Atlanta Black, Indigenous Activists Resist ‘Cop City’ Plans At Historic Park

A plan to construct a $90 million police training center at the South River Forest in Atlanta is facing resistance from residents, who say “Cop City” would threaten the community in more ways than one. Residents say the facility would take away a beloved green space and historic site that plays a crucial role protecting the city from flooding.

“This is going to be the largest urban warfare training facility for police in the country,” said Jasmine Burnett, organizing director of Community Movement Builders, which is supporting resident opposition to the facility. “And, what does that mean when, in 2020, people were actually asking to abolish the police?”

The South River Forest sits on the ancestral homeland of the Muscogee Creek people, who were forcibly removed in the early 19th Century to make way for a slave plantation that became the site of the Jim Crow-era Atlanta Prison Farm, where prisoners were housed as they were forced to conduct free labor on the city’s municipal projects as late as 1990.

The park is on land owned by the City of Atlanta but sits outside its boundaries, in DeKalb County, meaning the primarily Black and Brown residents who live closest to the park have no representation on the City Council that voted 10-4 to approve the police facility.

Residents opposing the facility fear it will only further entrench the racism and environmental injustice that has given Atlanta the highest rate of income inequality in the U.S. and the state of Georgia the fourth-highest rate of incarceration in the world.

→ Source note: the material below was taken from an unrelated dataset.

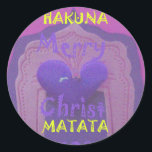 Pegatina Redonda Hakuna Matata Merry Christmas Love Design.jpg<br><div class="desc">Hakuna Matata Feliz Diseño de Amor de Navidad. Hermoso diseño de color morado con un maravilloso corazón azul y un toque de purpurina en el fondo. Uno de los últimos diseños especiales de Hakuna Matata esta maravillosa temporada de Navidades y la maravillosa temporada. Comparte el amor de los Navidades con...</div>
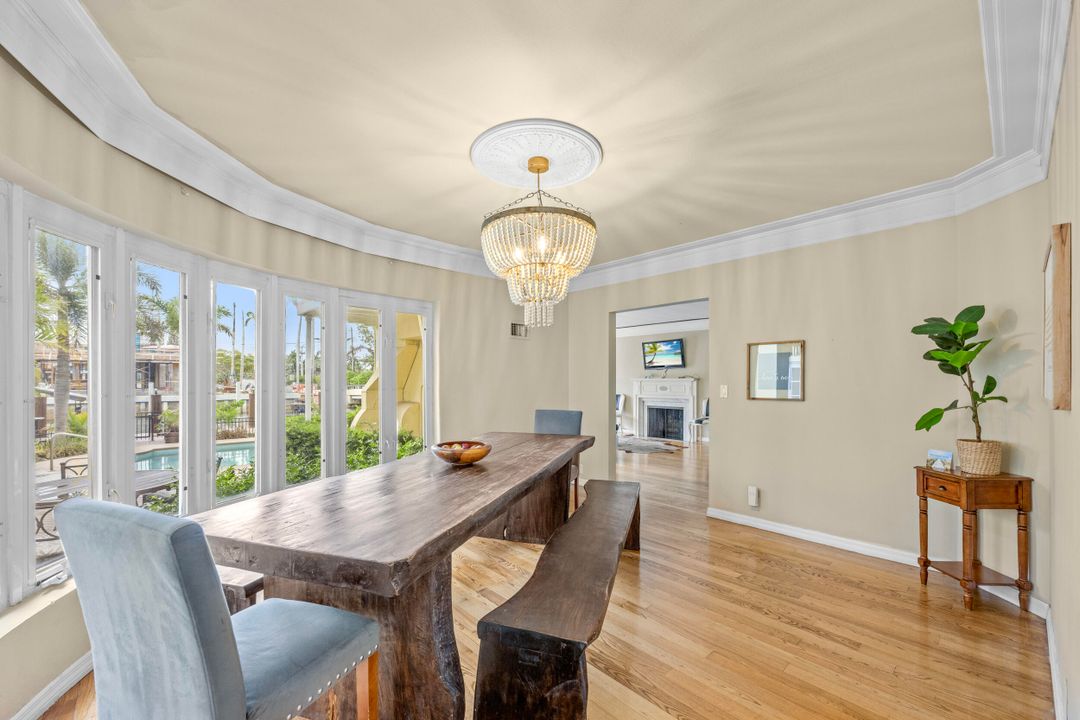 En Venta: $4,300,000 (6 camas, 5 baños, 3718 Pies cuadrados)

“When I was walking through it, the insect sounds, the birds and the heaviness of the air—I know my relatives had that same felt knowledge before removal,” said Laura Harjo, a professor of Native American studies who visited as part of a delegation of Muscogee from Oklahoma. “This has been treated as a carceral space since European contact, and Cop City would be a continuation of that rather than a return to community.”